Honestly, though, what is happening here never feels significant enough to shatter or even diminish the feeling established by the imagery of this movie. It's too bright, cheery, and, when a child looks out the window to see the moon hanging at an impossible angle in the night sky, storybook-like to be anything other than, well, bright and cheery and like a storybook. The characters and the underlying conflicts—more suggested than confronted—are simply too hollow for us to feel any other way about what we're witnessing.

Witnessing is the right way to describe the sense of the movie, too, since Taormina and co-screenwriter Eric Berger don't even give us a single character through whom to experience this story. For a bit, it's Kathleen (Maria Dizzia), one child of the family matriarch whose house has been the center of these parties for a long time, and her family, mainly her husband Lenny (Ben Shenkman) and the couple's elder child Emily (Matilda Fleming). They're driving out to Long Island, joking and laughing about how uncomfortable these big gatherings can be, but as soon as they arrive at the house, things do become uncomfortably chaotic.

We're met with a flurry of faces, a few names, and only the hints of how any of these characters are connected to each other. One could argue that, since the movie is about the experience of being in the family, there's no need for character and relationship introductions. Everyone here knows everybody else, after all—who is whose parent, child, aunt, uncle, or cousin. Still, this isn't our family, and we're the outsiders who wind up feeling that way the entire time.
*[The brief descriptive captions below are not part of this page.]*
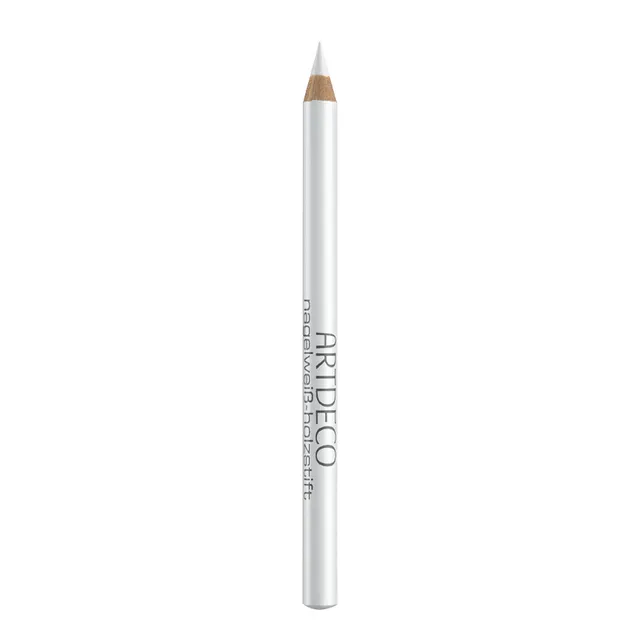artdeco-cosmetic-nail-whitener-pencil-french-stift image 1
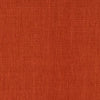 Carole Fabric Intention Pimento
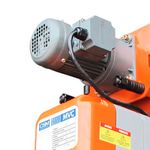 talha-eletrica-de-corrente-csm-mvc-1t-com-trole-6-metros-trifasico_01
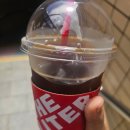 더리터(아미점) 이미지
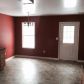 405 Four Pines Pl, Troy, TN 38260 ID:12080568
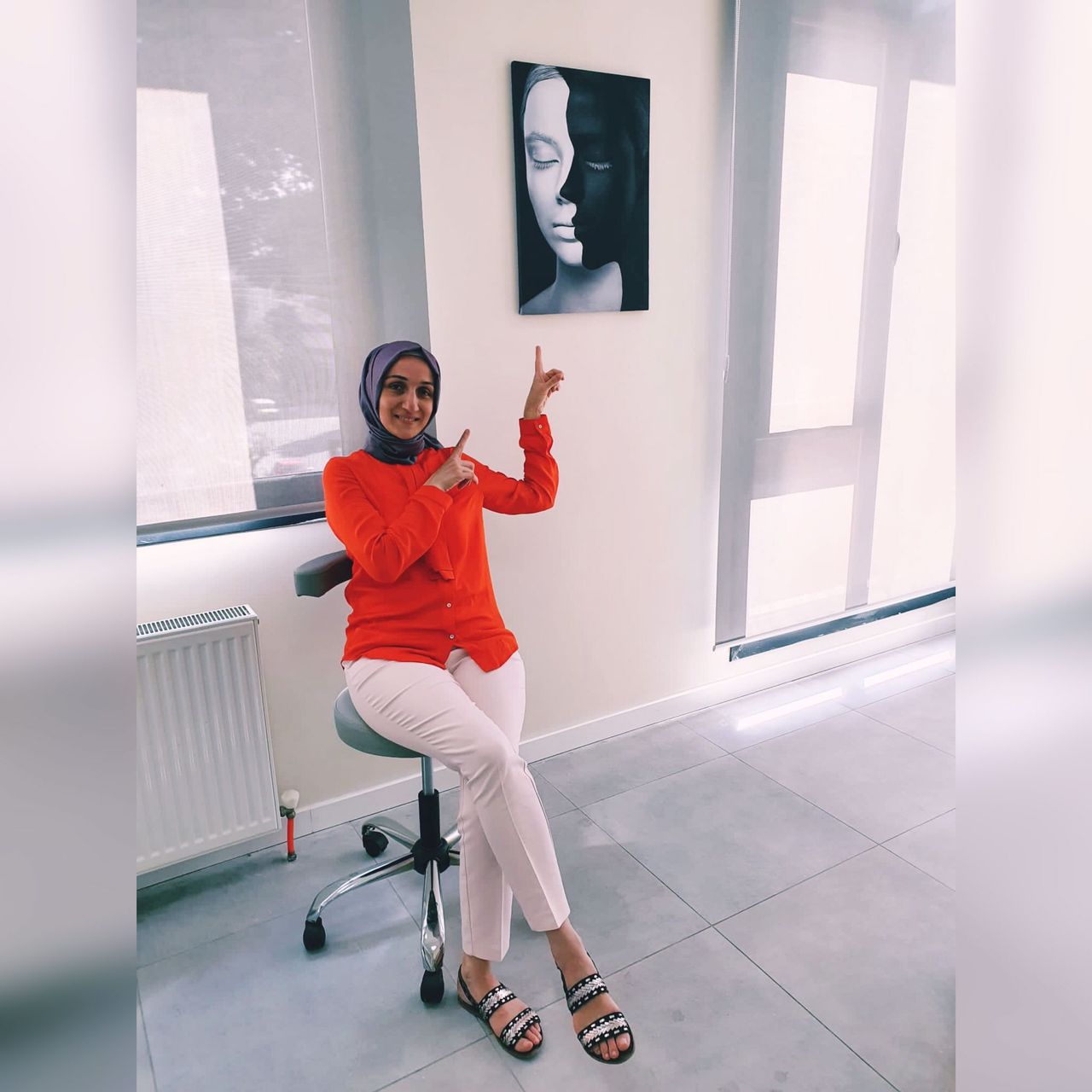 Uzm. Dr. Reyhan Tığlı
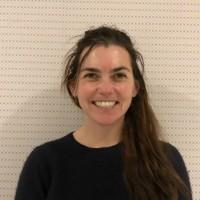 Kendra Bills, photo 2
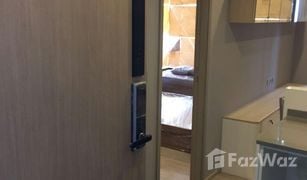 1 Schlafzimmer Wohnung zu verkaufen in Khlong Tan Nuea, Bangkok M Thonglor 10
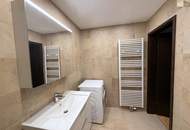 Maisonettewohnung mit 3 Schlafzimmer im Helenental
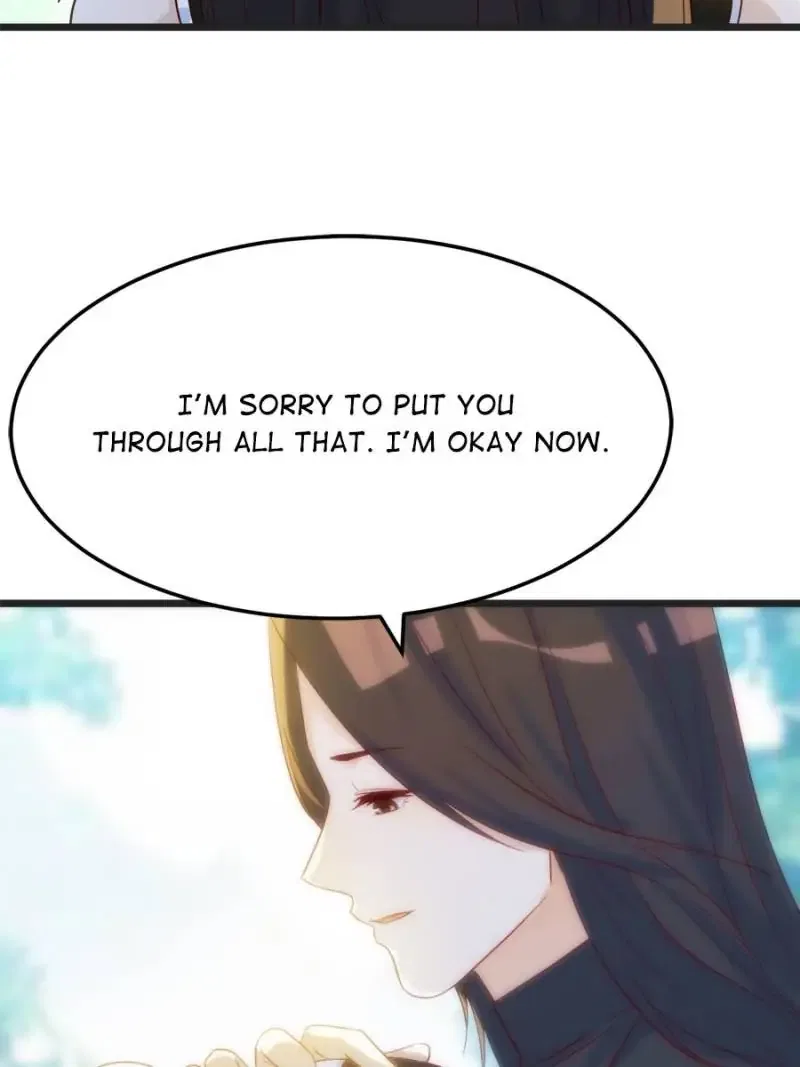 Supreme Saint’s Love Debts Chapter 126 – Page 17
The movie communicates the gist of it, at least, such as that Uncle Matty (John Trischetti Jr.) lives in the house with Grandma Antonia (Mary Reistetter), that Michelle (Francesca Scorsese, who's one of a few children of well-known filmmakers in the movie) is Emily's cousin, and that Kathleen's other siblings, Uncle Ray (Tony Savino) and Aunt Bev (Grege Morris), have been in the middle of a tough conversation. Their mother's health is declining, and it's time for them to step up or to consider a care facility.

On and on it goes, with pleasantries becoming just a tinge awkward or difficult as the night continues. The number of characters and potential stories here is so overwhelming, though, that it's easy—too easy, perhaps—to be drawn to the movie's aesthetics, which are lovely and timeless (Only the presence of some older cellphones provide a notion of when the story is happening) enough to find some pleasure amidst the confusion.

As a mood piece, Christmas Eve in Miller's Point achieves a sense of the bittersweet nature of this kind of gathering. As an actual story about these characters and this family, it's missing some very basic elements.